====== Excerpted data ======

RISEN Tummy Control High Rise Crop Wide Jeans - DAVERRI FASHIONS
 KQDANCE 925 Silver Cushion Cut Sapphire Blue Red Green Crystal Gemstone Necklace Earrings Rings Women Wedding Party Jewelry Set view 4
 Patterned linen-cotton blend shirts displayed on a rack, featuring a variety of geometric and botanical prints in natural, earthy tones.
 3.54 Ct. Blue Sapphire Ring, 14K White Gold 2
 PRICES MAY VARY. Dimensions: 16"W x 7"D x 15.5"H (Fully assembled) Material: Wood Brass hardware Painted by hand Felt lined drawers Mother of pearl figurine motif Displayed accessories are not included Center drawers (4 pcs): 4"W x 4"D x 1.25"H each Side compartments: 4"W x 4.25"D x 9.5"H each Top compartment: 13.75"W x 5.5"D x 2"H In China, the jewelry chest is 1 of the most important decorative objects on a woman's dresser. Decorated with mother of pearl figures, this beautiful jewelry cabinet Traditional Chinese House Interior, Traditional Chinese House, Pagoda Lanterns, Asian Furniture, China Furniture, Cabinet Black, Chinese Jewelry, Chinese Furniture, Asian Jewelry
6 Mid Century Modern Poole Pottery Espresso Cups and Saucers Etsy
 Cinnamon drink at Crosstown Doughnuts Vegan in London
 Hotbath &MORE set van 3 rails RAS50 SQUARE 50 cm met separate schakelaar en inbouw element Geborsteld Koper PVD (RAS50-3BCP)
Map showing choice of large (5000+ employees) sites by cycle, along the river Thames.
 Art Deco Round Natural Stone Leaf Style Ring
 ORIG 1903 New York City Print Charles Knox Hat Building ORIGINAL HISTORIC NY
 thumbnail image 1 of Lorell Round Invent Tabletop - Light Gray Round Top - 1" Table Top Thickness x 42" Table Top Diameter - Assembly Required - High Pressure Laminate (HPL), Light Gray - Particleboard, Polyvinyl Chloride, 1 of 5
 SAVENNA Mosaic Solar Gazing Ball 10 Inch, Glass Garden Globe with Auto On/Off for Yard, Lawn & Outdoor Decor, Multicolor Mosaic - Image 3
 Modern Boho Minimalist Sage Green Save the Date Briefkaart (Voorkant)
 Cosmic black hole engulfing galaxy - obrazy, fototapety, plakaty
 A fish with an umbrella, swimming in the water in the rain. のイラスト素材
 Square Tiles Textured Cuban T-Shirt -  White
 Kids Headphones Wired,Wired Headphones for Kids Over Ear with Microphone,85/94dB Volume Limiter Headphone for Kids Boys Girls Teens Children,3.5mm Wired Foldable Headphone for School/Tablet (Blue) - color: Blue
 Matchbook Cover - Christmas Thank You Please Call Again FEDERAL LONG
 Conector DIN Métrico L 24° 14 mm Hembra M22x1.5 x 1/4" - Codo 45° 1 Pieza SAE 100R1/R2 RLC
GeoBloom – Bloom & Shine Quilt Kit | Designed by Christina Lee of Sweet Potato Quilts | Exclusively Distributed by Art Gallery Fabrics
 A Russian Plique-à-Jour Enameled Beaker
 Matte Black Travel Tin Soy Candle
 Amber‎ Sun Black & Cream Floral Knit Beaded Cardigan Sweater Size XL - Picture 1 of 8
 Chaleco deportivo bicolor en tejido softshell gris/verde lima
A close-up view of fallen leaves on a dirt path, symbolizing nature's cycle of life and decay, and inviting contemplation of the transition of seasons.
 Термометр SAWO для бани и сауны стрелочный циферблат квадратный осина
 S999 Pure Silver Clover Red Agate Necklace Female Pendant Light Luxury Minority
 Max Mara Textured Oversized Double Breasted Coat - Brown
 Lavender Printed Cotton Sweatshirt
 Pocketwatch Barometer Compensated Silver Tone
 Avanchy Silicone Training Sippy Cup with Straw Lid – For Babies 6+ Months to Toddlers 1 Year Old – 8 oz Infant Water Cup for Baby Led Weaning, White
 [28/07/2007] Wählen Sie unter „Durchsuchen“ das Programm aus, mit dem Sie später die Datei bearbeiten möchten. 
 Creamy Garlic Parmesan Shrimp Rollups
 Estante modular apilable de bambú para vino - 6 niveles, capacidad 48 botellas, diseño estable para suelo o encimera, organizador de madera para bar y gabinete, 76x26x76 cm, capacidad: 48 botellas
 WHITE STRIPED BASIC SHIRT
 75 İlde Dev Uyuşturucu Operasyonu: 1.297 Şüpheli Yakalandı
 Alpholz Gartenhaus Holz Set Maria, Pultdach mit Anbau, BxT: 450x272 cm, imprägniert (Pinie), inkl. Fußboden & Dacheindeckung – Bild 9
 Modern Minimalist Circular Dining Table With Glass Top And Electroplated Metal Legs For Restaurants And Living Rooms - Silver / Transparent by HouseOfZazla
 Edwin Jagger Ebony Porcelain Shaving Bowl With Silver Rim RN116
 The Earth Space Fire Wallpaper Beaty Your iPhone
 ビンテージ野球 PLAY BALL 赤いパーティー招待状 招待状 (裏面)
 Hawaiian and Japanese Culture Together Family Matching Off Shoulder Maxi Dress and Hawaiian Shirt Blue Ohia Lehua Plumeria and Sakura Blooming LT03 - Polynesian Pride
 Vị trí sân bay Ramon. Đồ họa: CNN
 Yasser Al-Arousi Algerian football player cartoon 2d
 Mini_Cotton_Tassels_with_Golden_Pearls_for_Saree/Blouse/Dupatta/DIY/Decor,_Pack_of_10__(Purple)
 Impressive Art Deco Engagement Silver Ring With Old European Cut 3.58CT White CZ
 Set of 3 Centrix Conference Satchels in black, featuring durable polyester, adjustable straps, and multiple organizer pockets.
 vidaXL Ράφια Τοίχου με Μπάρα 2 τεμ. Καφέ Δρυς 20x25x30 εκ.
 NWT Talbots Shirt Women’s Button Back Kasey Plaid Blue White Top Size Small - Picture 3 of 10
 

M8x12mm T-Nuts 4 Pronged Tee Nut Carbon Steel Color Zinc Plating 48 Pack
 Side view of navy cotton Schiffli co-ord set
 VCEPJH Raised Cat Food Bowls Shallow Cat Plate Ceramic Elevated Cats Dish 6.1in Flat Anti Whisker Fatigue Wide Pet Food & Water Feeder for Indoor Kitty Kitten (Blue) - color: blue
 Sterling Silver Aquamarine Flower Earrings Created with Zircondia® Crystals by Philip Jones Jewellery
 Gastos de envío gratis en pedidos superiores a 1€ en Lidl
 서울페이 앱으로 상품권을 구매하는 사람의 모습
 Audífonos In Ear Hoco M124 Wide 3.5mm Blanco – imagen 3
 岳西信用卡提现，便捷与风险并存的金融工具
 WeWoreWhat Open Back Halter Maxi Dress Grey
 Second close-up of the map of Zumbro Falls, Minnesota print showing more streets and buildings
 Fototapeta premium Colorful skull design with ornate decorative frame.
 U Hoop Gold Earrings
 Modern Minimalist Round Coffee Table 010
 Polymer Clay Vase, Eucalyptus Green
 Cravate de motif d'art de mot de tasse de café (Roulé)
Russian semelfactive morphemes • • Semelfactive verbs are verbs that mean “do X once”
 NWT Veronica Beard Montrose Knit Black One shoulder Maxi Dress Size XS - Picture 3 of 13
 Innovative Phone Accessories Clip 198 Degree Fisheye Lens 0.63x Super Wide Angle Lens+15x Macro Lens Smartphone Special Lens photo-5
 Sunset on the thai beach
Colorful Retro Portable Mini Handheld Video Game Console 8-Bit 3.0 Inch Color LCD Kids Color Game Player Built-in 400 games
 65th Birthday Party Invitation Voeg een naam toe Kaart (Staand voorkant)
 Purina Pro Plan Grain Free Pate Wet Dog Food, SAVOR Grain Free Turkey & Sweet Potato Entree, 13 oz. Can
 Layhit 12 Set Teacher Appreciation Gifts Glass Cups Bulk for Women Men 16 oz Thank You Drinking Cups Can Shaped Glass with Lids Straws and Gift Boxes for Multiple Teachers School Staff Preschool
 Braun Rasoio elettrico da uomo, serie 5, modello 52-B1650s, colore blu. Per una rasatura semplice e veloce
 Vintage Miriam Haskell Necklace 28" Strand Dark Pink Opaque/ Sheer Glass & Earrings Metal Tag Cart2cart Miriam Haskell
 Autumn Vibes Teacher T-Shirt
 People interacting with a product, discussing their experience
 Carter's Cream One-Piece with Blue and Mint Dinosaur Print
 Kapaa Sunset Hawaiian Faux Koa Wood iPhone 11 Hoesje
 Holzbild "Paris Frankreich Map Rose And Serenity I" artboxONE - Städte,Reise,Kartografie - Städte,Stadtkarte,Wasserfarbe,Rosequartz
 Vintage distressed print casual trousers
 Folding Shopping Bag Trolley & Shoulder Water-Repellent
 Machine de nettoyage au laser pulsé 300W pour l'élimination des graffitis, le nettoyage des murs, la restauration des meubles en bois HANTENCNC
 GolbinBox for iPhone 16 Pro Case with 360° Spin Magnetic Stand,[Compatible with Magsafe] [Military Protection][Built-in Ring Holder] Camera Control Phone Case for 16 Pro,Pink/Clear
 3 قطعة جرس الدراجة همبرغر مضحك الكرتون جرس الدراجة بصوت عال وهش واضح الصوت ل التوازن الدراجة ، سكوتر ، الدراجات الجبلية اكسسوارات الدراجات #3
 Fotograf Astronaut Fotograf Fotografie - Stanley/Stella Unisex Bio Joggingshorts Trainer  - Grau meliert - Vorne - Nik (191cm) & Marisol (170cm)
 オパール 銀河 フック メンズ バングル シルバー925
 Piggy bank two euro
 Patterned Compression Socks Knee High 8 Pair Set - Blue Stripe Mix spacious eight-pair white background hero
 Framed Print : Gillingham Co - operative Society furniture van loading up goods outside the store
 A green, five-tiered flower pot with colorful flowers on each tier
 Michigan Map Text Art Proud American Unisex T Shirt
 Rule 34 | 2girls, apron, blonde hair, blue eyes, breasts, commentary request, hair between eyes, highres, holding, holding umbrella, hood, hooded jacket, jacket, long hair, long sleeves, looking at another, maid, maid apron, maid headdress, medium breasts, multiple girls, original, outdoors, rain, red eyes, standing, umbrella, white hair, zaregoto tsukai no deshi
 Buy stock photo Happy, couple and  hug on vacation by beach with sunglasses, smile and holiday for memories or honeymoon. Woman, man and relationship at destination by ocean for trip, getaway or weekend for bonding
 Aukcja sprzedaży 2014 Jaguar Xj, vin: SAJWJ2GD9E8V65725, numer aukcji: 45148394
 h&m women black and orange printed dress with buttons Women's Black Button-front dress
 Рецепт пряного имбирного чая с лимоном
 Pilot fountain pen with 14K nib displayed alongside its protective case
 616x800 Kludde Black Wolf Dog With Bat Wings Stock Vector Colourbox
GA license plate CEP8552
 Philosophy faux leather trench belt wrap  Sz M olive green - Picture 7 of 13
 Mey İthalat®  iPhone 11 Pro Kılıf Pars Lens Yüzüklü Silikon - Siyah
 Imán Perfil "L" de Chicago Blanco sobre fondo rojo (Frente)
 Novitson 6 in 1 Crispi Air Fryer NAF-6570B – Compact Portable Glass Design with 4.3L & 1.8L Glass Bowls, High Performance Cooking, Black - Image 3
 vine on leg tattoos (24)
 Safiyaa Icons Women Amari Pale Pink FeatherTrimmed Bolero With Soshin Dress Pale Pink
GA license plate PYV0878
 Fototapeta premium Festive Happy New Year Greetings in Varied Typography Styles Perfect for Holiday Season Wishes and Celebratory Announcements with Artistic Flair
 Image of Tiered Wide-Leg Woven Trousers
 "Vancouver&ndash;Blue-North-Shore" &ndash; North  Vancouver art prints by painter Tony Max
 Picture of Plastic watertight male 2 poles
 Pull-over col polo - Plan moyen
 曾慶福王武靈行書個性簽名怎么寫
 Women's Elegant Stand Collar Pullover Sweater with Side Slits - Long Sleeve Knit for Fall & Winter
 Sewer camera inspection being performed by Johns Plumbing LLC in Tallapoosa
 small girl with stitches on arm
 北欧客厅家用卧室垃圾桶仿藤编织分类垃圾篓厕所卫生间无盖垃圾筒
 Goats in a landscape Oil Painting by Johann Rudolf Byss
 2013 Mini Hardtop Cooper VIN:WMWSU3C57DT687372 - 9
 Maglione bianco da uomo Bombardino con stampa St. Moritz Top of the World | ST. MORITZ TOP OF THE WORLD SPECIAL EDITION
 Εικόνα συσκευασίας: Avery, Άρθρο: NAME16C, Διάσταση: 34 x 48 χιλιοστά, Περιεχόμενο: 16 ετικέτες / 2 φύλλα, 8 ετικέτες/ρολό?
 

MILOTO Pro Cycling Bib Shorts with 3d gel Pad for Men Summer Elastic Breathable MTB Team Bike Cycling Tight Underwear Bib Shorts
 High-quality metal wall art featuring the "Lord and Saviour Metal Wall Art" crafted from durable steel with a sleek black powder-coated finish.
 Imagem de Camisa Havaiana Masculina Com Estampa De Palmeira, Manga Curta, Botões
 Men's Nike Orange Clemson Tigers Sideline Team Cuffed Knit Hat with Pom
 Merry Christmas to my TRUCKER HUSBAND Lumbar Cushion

======

Your assignment: Of all the entries above, output exactly the lines between the one holding "Amber‎ Sun Black" and the one holding "75 İlde Dev", inclusive.

Exercise response:
 Amber‎ Sun Black & Cream Floral Knit Beaded Cardigan Sweater Size XL - Picture 1 of 8
 Chaleco deportivo bicolor en tejido softshell gris/verde lima
A close-up view of fallen leaves on a dirt path, symbolizing nature's cycle of life and decay, and inviting contemplation of the transition of seasons.
 Термометр SAWO для бани и сауны стрелочный циферблат квадратный осина
 S999 Pure Silver Clover Red Agate Necklace Female Pendant Light Luxury Minority
 Max Mara Textured Oversized Double Breasted Coat - Brown
 Lavender Printed Cotton Sweatshirt
 Pocketwatch Barometer Compensated Silver Tone
 Avanchy Silicone Training Sippy Cup with Straw Lid – For Babies 6+ Months to Toddlers 1 Year Old – 8 oz Infant Water Cup for Baby Led Weaning, White
 [28/07/2007] Wählen Sie unter „Durchsuchen“ das Programm aus, mit dem Sie später die Datei bearbeiten möchten. 
 Creamy Garlic Parmesan Shrimp Rollups
 Estante modular apilable de bambú para vino - 6 niveles, capacidad 48 botellas, diseño estable para suelo o encimera, organizador de madera para bar y gabinete, 76x26x76 cm, capacidad: 48 botellas
 WHITE STRIPED BASIC SHIRT
 75 İlde Dev Uyuşturucu Operasyonu: 1.297 Şüpheli Yakalandı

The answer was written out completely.